Dawniej – nie tak znów dawno, bo większość marketerów nadal koncentruje tam swoje wysiłku – od uszu i oczu czyli customer experience – ważniejszy był „akcelerator marzeń” malujący przed klientami ich własne marzenia.
Co prawda ludzie wciąż chcą spełniać swoje marzenia i rysowanie obrazów nie przeszkadza, ale siła masowej komunikacji zaczyna przegrywać z siłą komunikacji tworzonej przez społeczności. Dlatego prawda rządzi, mit upada.
Tym samym oczy i uszy stały się dla marek super ważne.

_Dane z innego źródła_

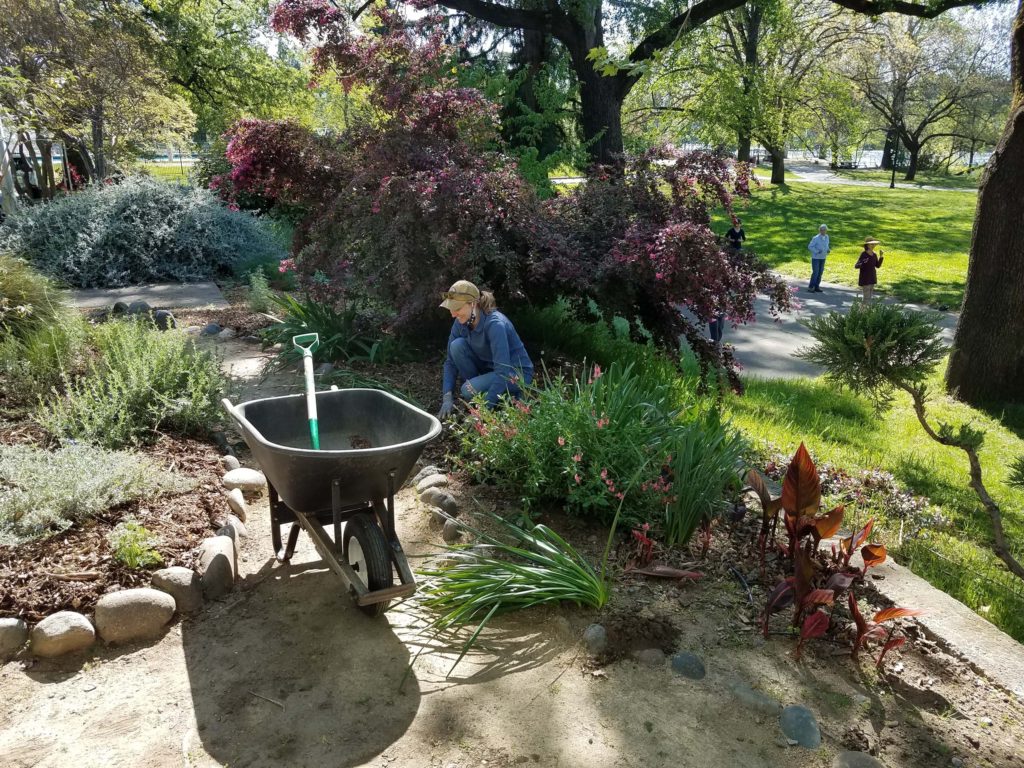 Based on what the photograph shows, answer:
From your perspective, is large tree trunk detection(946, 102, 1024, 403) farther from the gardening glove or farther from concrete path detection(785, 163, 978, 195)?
concrete path detection(785, 163, 978, 195)

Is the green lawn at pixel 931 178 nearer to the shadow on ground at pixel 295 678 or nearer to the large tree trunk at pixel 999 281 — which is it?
the large tree trunk at pixel 999 281

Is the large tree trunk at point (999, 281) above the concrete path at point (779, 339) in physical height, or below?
above

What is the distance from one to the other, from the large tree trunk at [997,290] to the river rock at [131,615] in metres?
6.50

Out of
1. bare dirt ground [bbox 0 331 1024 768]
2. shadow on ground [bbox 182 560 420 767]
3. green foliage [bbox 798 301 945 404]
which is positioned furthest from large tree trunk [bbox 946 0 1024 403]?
shadow on ground [bbox 182 560 420 767]

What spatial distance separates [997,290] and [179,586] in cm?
711

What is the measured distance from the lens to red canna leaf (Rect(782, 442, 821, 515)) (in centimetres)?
299

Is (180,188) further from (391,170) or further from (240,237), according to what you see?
(391,170)

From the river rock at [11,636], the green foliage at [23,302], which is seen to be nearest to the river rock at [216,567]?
the river rock at [11,636]

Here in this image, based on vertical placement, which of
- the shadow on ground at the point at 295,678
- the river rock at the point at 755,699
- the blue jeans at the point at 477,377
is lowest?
the shadow on ground at the point at 295,678

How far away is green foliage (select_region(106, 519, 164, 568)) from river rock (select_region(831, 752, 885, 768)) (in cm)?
286

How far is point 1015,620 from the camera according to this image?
3404mm

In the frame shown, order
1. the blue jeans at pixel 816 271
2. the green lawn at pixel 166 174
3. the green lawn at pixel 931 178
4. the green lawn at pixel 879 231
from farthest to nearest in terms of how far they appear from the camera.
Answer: the green lawn at pixel 931 178, the green lawn at pixel 166 174, the green lawn at pixel 879 231, the blue jeans at pixel 816 271

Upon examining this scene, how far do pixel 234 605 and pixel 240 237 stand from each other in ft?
32.0

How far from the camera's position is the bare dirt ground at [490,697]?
2.42 m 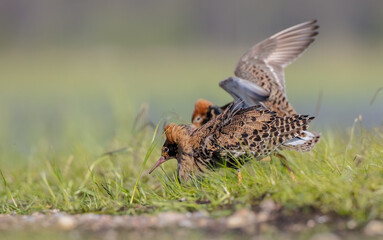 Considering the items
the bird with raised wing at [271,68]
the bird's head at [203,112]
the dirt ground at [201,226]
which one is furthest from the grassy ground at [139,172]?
the bird with raised wing at [271,68]

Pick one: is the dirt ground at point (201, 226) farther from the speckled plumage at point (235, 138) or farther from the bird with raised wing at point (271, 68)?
the bird with raised wing at point (271, 68)

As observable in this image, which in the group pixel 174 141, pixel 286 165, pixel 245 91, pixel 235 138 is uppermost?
pixel 245 91

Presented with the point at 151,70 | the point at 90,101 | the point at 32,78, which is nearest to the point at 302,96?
the point at 90,101

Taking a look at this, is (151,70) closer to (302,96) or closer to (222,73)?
(222,73)

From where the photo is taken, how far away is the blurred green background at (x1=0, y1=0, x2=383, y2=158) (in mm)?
17719

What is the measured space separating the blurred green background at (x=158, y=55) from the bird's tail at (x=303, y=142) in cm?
493

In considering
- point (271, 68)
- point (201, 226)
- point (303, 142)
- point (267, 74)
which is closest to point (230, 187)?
point (201, 226)

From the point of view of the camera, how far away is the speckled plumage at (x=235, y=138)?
7718 mm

Oczywiście – jak wiemy z codziennego życia – posiadanie uszu nie oznacza słuchania, a tym bardziej rozumienia. Zakładamy jednak, że marki mają dobrą wolę, chcą słuchać i rozumieć i wprowadzać poprawki (i w efekcie budować lepszy customer experience), a jedyne czego im brakuje to wrażliwych, selektywnych sensorów.
I tutaj właśnie pojawia się technologia.
Cóż potrafią te systemy? Całkiem sporo, a niektóre z nich – co było zaskoczeniem także dla mnie – to systemy złożone, duże i dostarczające całkiem sporo użytecznych narzędzi.
Wspieranie i ułatwianie dzielenia się opiniami przez użytkowników i klientów, zachęcanie ich do dzielenia się zdjęciami, filmami, opiniami ze społecznością i marką. Odnajdywanie opinii na temat konkretnych produktów, kategorii, marek i umożliwienie marketerom podjęcie usystematyzowanej konwersacji. Automatyczna detekcja sentymentów (dobra opinia, zła) włączając w to różnego rodzaju zabiegi językowe np. hiperbole używane przez użytkowników, a rozpoznawane dzięki odpowiednio wyszkolonej grupie pracowników. Możliwość budowania usystematyzowanego zestawu pytań i odpowiedzi na podstawie komentarzy, pytań i opinii zebranych z mediów online. Umieszczanie na stronach recenzji, które dodatkowo zwiększają organiczny ruch na stronę internetową. Analityka, która pozwala spojrzeć na dany produkt i zobaczyć jak kształtują się opinie ludzi w danej grupie demograficznej, co pozwala stwierdzić która grupa docelowa jest faktyczną grupą docelową, a która nie. Rozpoznawanie największych obrońców marki pozwala firmom dodatkowo wspierać te osoby i wynagradzać je za lojalność i budowanie dobrej marki. Wstawianie opinii, opisów doświadczeń i wszystkiego co wzmacnia markę na strony zakupowe. Niektóre rozwiązania pozwalają nawet – korzystając z bardzo rozległych sieci i punktów dostępu do sklepów on-line – wykorzystać tę wiedzę i zastosować ją do zakupu mediów. Tym samym zwiększa się szansa na dostarczenie ludziom komunikatu, którego w danej chwili oczekują np. bonów, zniżek i innych okazji zakupowych. Systemy pozwalają także na badanie chociażby Net Promoter System (R) czy budowanie z konkretnów review reklam w social media.
Generalnie o ile systemy feedbackowe kojarzyć się mogą głównie z widgetami wyskakującymi z boku ekranu. Tak naprawdę jednak to całe platformy do komunikacji z użytkownikami.
Przykładowi dostawcy: Bazaarvoice, bothers.me, customer sure, delighted, murm, Passanger, Power reviews, Review trackers, Sprinkler, Trustpilot, Yotpo.